The number of visitors who showed up each month this summer at Starved Rock State Park rivaled the totals the park normally saw over an entire year two decades ago.
Many of those visitors had been going a little stir-crazy at home during the pandemic. They were looking to sequester safely in the great outdoors. But in doing so, they put a big strain on the trails and facilities in a park that Condé Nast Traveler in 2018 rated the most beautiful place in all of Illinois.
It would be nice if Illinois could spread all those new visitors over a larger scenic area, easing the crunch while turning no one away. And as it happens, there is an obvious solution.
Two years ago, the state purchased about 2,600 acres — roughly the size of Starved Rock State Park — right next to the iconic park.
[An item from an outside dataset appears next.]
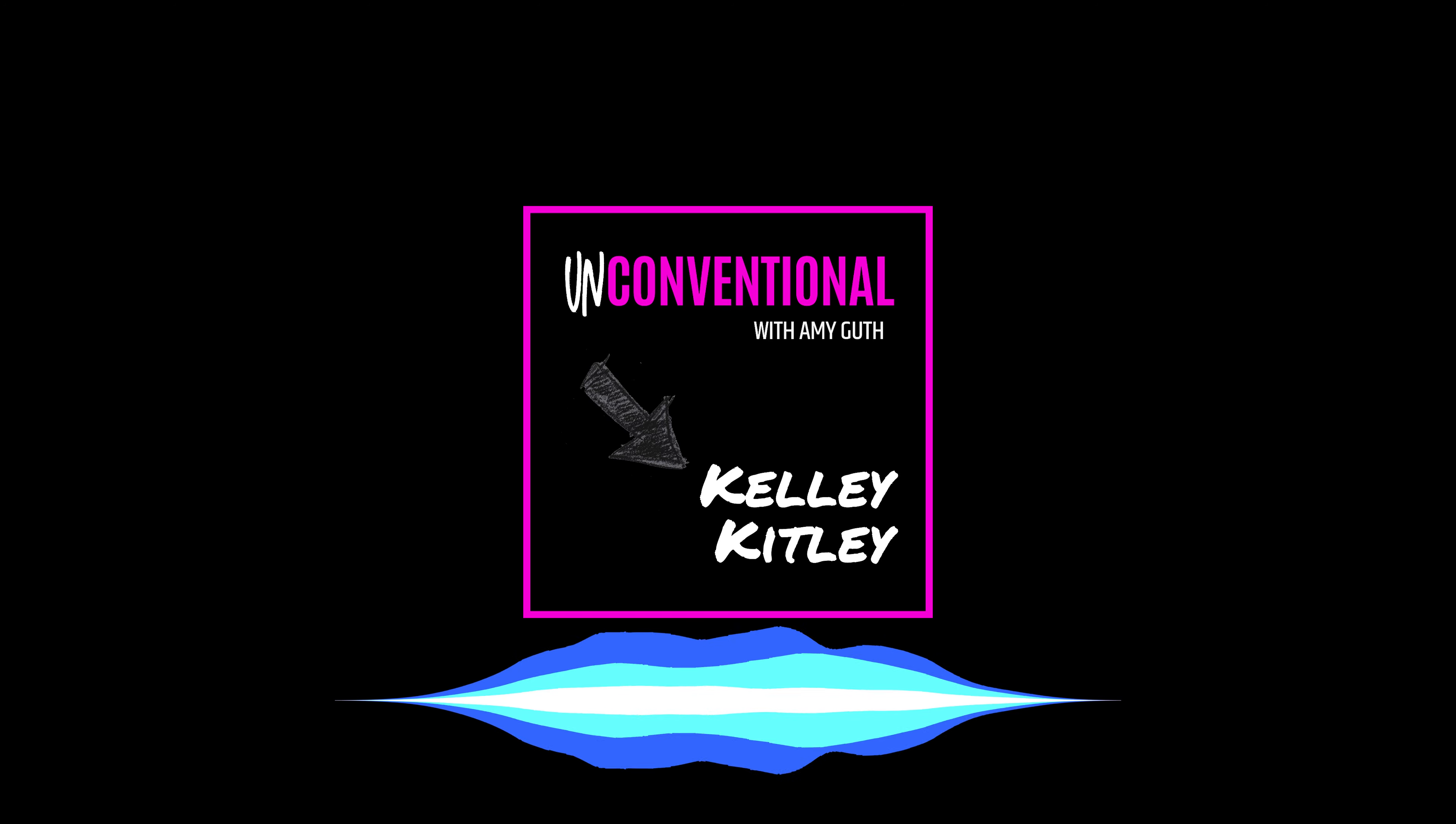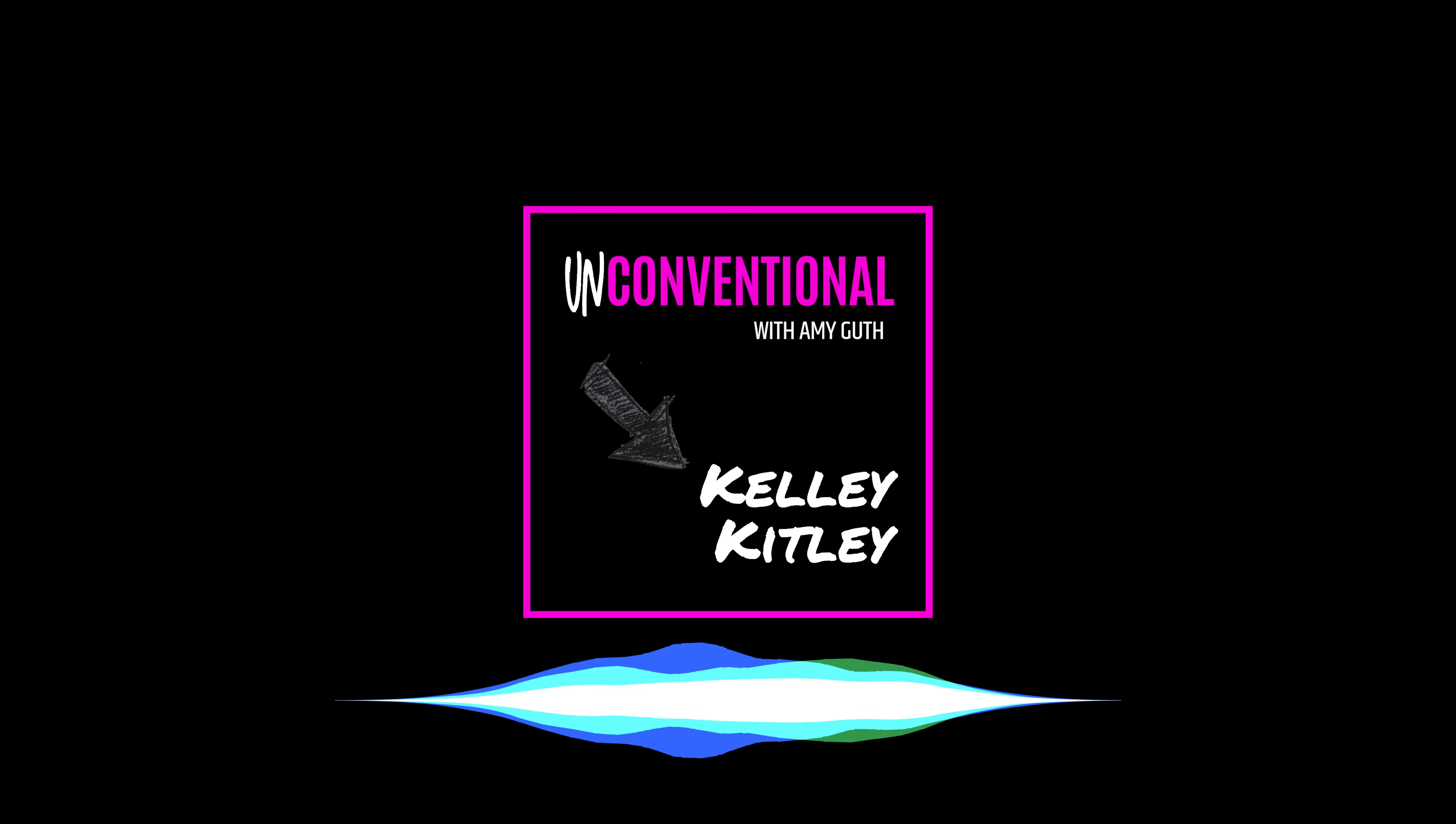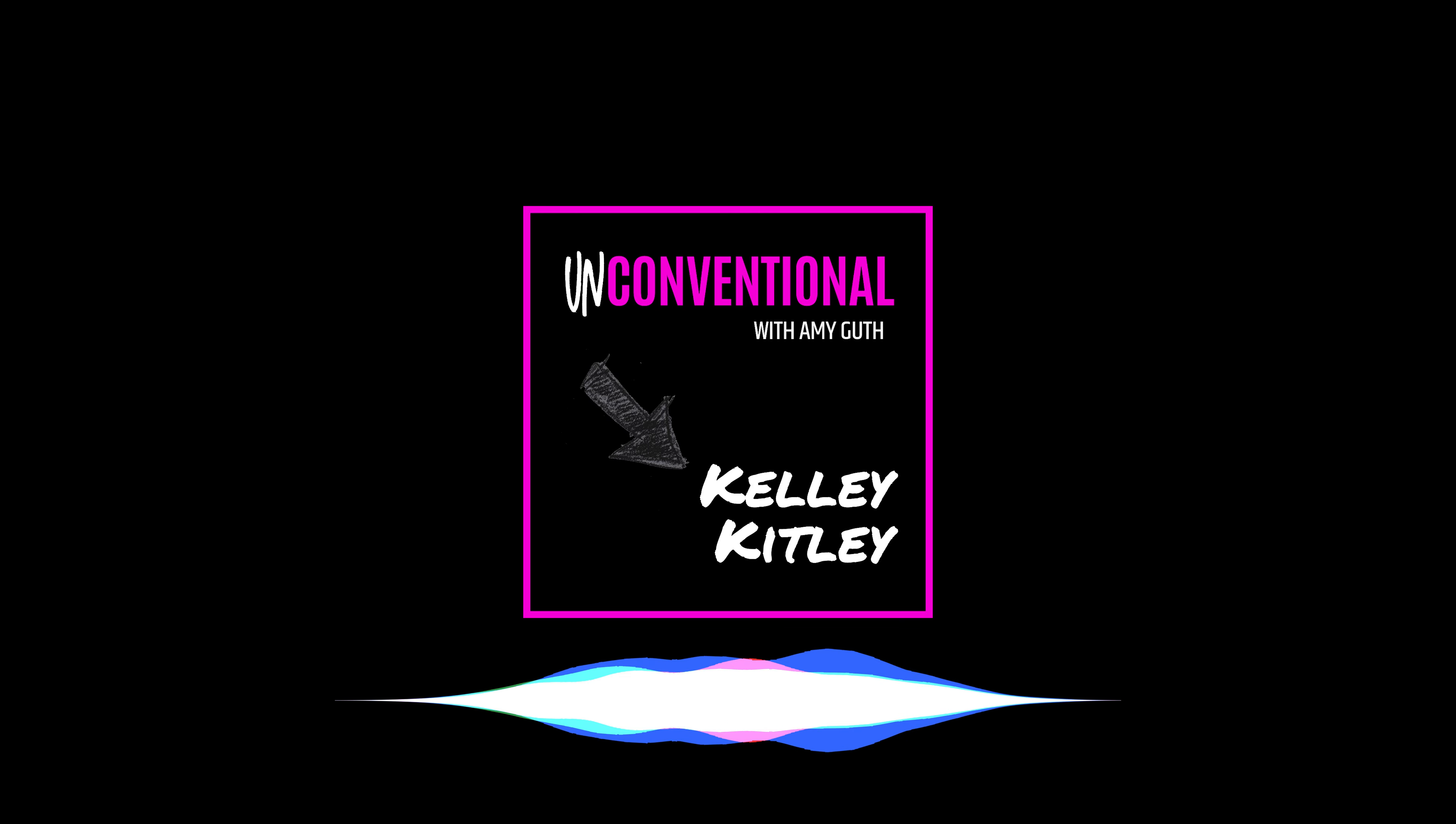That is Kelly Kitley. I'm Amy Guth and this is Unconventional, the podcast about people who are doing things very much their own way. So Kelly Kitley is a licensed clinical social worker with 20 years of experience in the field and she's a sought after international women's mental health expert and author of the book, Myself, an Autobiography of Survival. Kelly, welcome. I'm so happy to have you on the show. Hi Amy. Thank you for having me.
The newly purchased site is also close to the nearby 1,938-acre Matthiessen State Park and the 234-acre Margery Carlson Nature Preserve.
The scenic land, bisected by the Vermilion River, has trails on it that could be made handicapped-accessible, which most of Starved Rock’s trails are not. It could add to the area’s reputation as a Midwestern jewel of nature. But the land remains closed to the public.
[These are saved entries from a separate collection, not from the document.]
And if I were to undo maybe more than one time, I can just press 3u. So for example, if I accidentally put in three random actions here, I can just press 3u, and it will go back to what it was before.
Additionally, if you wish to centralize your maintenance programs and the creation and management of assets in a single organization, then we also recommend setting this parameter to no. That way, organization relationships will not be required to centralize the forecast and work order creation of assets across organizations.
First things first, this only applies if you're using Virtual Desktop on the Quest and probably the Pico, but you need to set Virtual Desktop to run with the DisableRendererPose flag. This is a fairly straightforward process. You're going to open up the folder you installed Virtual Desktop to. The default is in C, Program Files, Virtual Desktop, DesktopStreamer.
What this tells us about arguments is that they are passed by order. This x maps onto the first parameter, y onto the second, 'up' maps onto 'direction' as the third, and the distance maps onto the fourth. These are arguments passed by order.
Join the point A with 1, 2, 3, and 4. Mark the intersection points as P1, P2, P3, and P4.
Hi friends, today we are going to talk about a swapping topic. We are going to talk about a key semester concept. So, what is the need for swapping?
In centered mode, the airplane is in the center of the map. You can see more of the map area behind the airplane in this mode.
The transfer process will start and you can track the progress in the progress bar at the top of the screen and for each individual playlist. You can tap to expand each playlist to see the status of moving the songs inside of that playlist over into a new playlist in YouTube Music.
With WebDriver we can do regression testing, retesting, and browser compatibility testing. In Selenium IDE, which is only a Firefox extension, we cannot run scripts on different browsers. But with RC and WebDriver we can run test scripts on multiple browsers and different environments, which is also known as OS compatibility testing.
When the previous owner, Lone Star Industries, ended its mining operations and sold the land, employees there already were using the trails for recreation. The acreage includes a lake, a waterfall, bluffs and the Wildcat Rapids, the state’s only stretch of rafting-suitable whitewater.
People hike their way into the site now, but at the risk of a $195 ticket from a conservation officer.
Right now would be an excellent time for the state, which invested $11 million to buy the land in 2018 through the state’s Open Land Trust, to open at least some of it to the public. When the state announced the land purchase with much fanfare, officials envisioned campgrounds, restored forests, canoe and kayak access, cross country skiing, fishing, wildlife habitat and picnic areas. And the Illinois Department of Natural Resources says it is actively “reviewing and charting” the property.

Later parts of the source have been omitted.